Lululemon (LULU) stock — which is sitting more than 5% in the red year-to-date — recently was dumped by Delaney Schweitzer, executive vice president of LULU’s North American retail operations.
The yoga-pant exec unloaded more than 36,000 shares of LULU — more than 75% of her overall Lululemon stock stake. At the sell price of approximately $74, that’s a whopping $2.7 million transaction.
Sure, it’s always difficult to analyze insider selling. After all, it was only one Lululemon exec running for the exits, and Schweitzer might just have needed millions of dollars for something.

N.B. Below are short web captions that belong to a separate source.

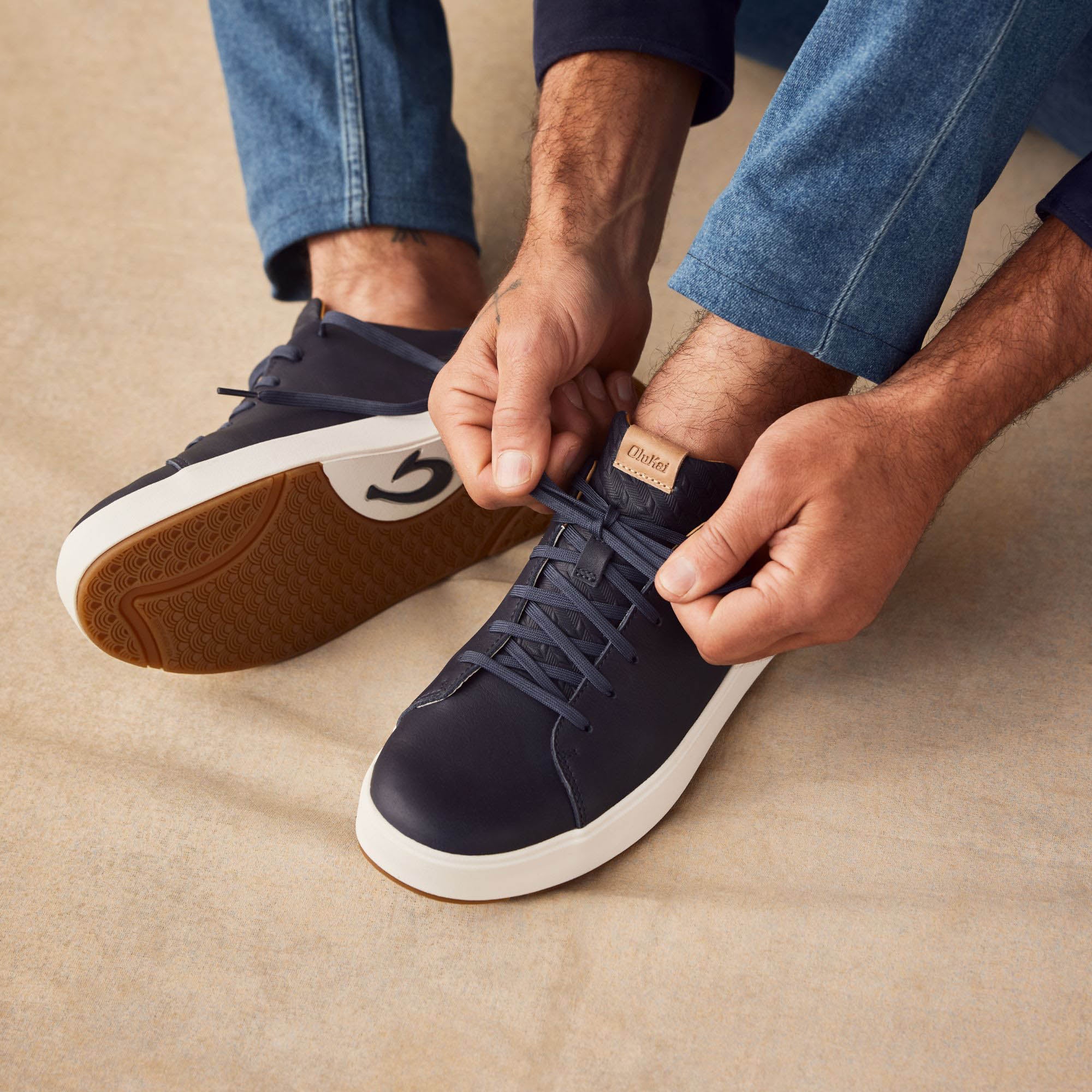 Lae'ahi Lī 'Ili Men's Leather Sneakers - Trench Blue | OluKai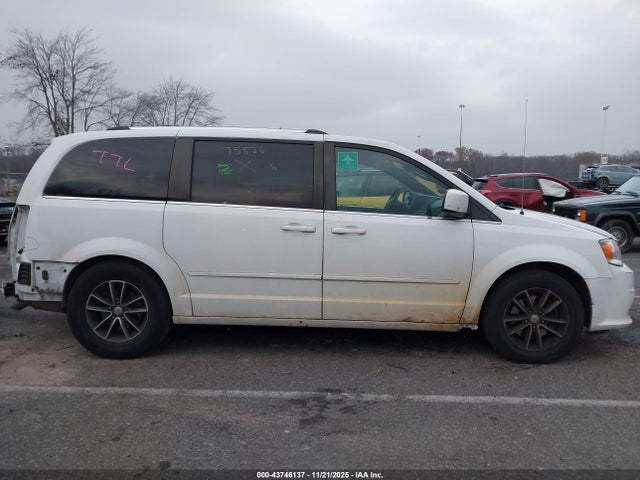 2017 Dodge Grand Caravan Sxt მანქანა იყიდება აუქციონზე, vin: 2C4RDGCG6HR818234, აუქციონის ნომერი: 43746137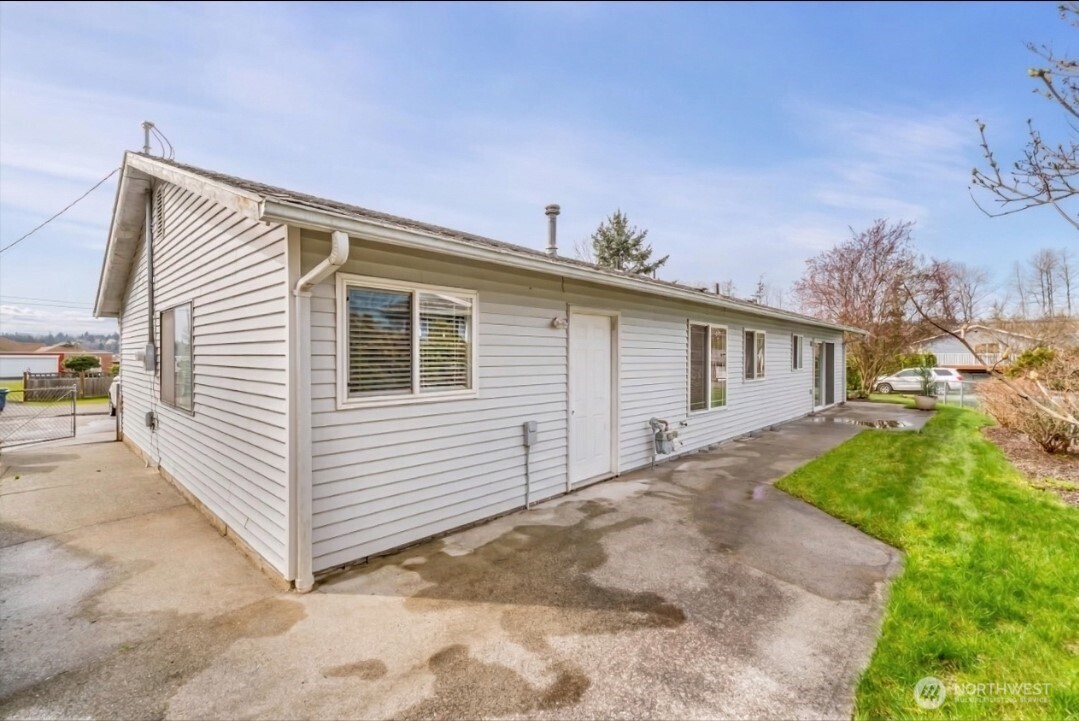 10429 Sandy Beach Drive , Lake Stevens, WA 98258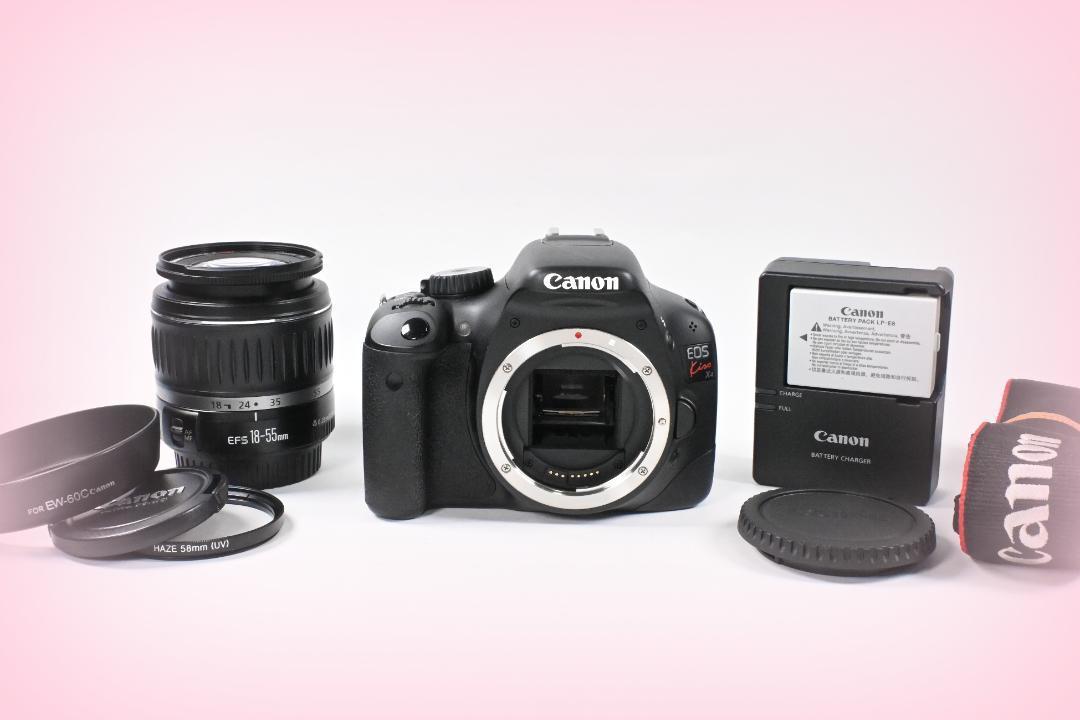 Canon Kiss EOS X4 IS EF-S Lens 18-55 Camera 18-55mm Kit Digital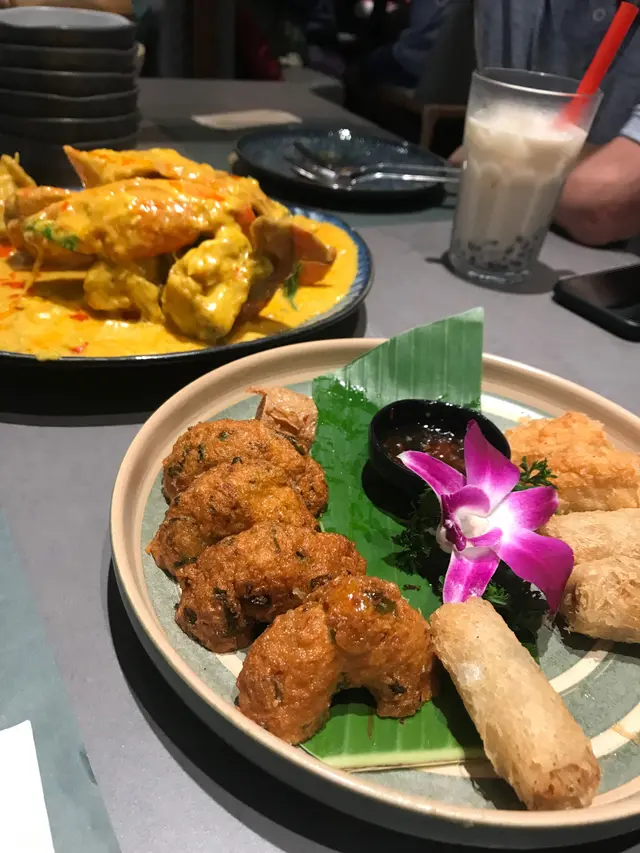 蝦餅同咖喱蟹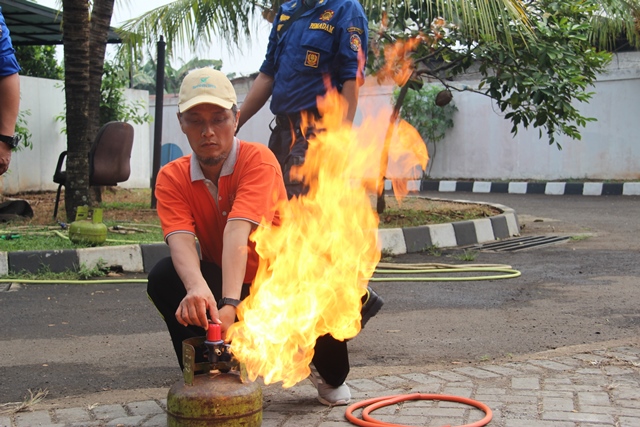 Adakan Simulasi Tanggap Darurat Kebakaran, KPKNL Tangerang I Gandeng Dinas Pemadam Kebakaran BPBD Kota Tangerang 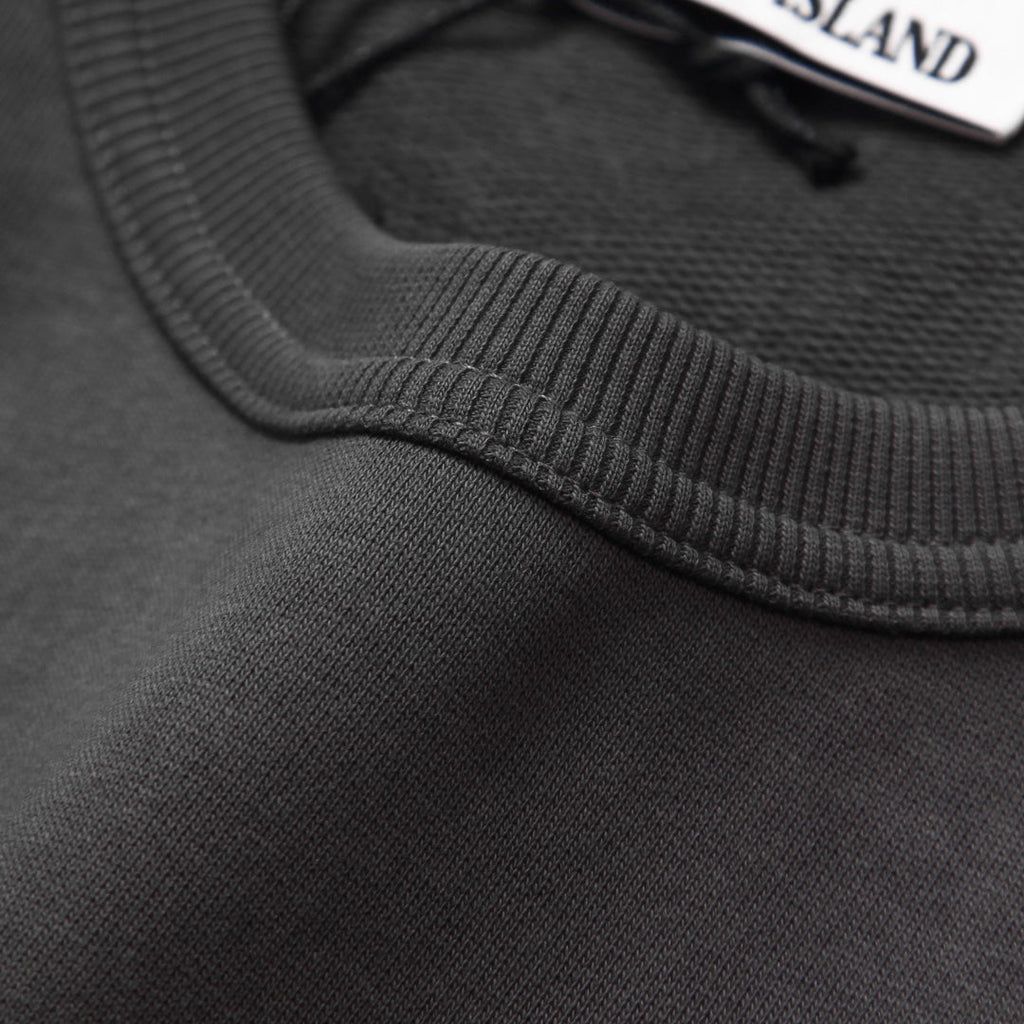 Stone Island Cotton Crew Neck Sweatshirt with Bilateral Sleeve Open Cargo Pockets and Compass Badge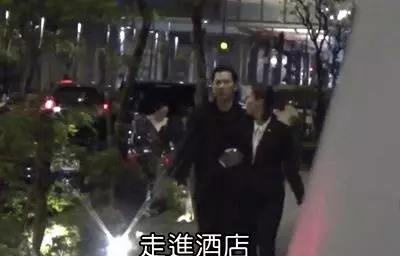向華強夫婦設豪宴欲提親?向佐開懷大笑,郭碧婷嫁豪門指日可待!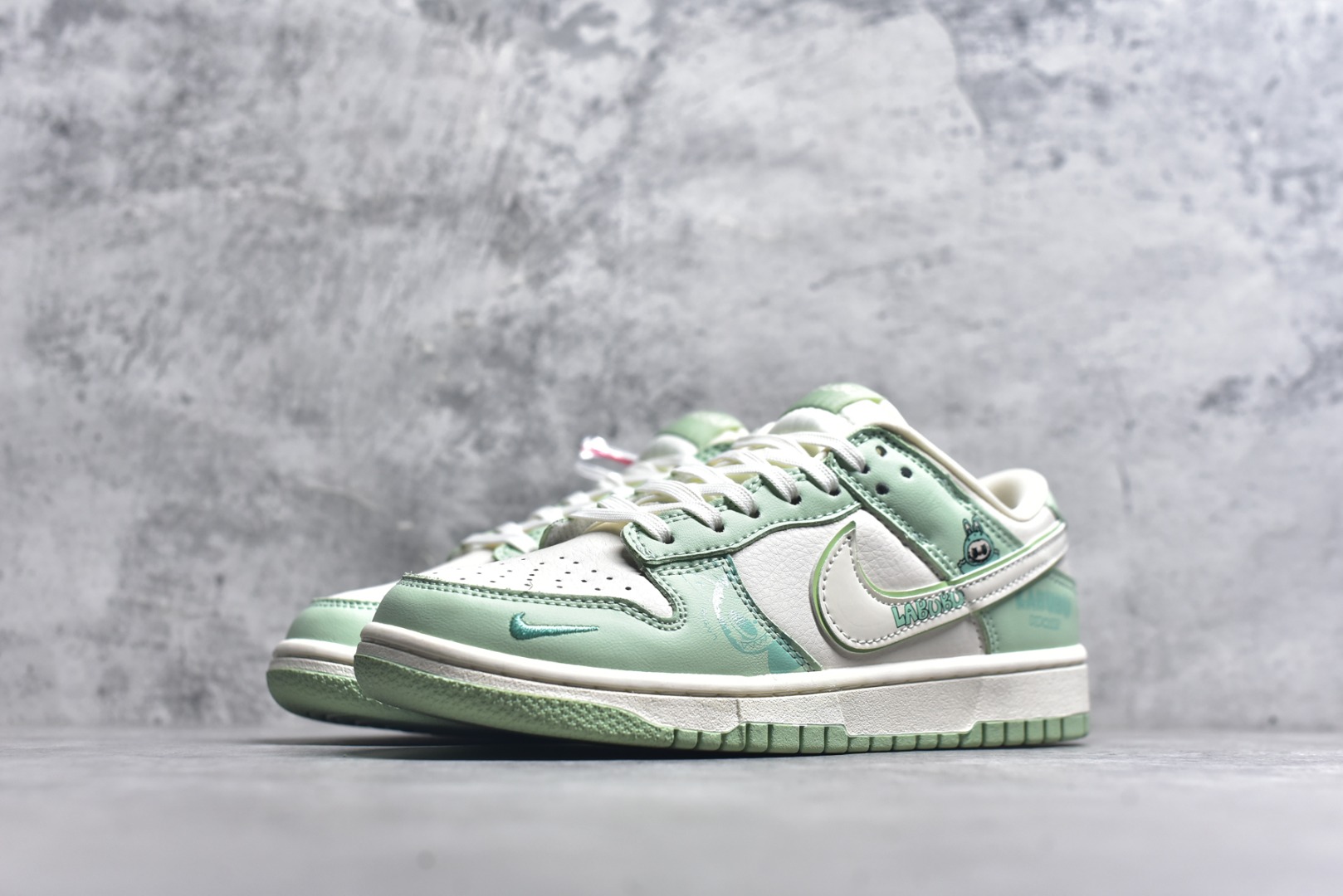 图片[2]-#Nike SB Dunk Low 米绿拉布布 周年高端定制 低帮休闲板鞋 SR2025-006 #定制鞋盒 大厂纯原品质出货 超高清洁度 皮料切割干净无任何毛边 细节完美 尺码：36 36.5 37.5 38 38.5 39 40 40.5 41 42 42.5 43 44 44.5 45 9.E5-选品中心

But still, it’s at least a little troubling considering LULU stock already comes with plenty of other red flags.
A Rough Year for LULU
It’s already been an up-and-down year for Lululemon stock. The company recalled some yoga pants in March — a mishap that’s expected to result in a $67 million loss in sales for the full year. CEO Christine Day resigned a few months afterward, prompting a giant one-day selloff of LULU.
Just look at the year-to-date chart below:
Even the company’s second-quarter earnings beat — which came thanks to already-lowered expectations — was tempered by Lululemon’s lowered outlook, blamed on a delay in receiving fall products.
If I were long Lululemon stock, I’d be sick of the excuses.
LULU Stock Not Your Best Bet
While Lululemon stock posted killer gains in the past three full years, its biggest growth seems to be behind it.
Sure, if you perfectly timed LULU’s recent “rebound,” you could have racked up 16% gains in the past three months.
But most investors don’t perfectly time anything. And you have better things to do than bottom fishing for a stock that has essentially moved sideways since the spring 2012.
Lululemon stock is in a classic transition phase from momentum stock to growth stock. Don’t get caught in the middle of those growing pains. Even despite recent weakness, the stock is trading for almost 30 times forward earnings, and no longer has the growth to back that kind of premium up.
This year, Lululemon stock is only slated to improved earnings by 6% — thanks in part to the aforementioned sheer pants problem. And even next year, analysts have already been paring back their expectations for LULU — a reality that can’t be blamed on see-through yoga pants.
All in all, Lululemon earnings are only on pace to grow by 18% per year long-term.
That’s not bad — but it’s not what investors are used to. And it’s not enough to give Lululemon stock enough steady upward momentum to be worth riding.
I would follow Schweitzer’s lead, and do something else with the money you have sitting in LULU stock.
As of this writing, Alyssa Oursler did not hold a position in any of the aforementioned securities.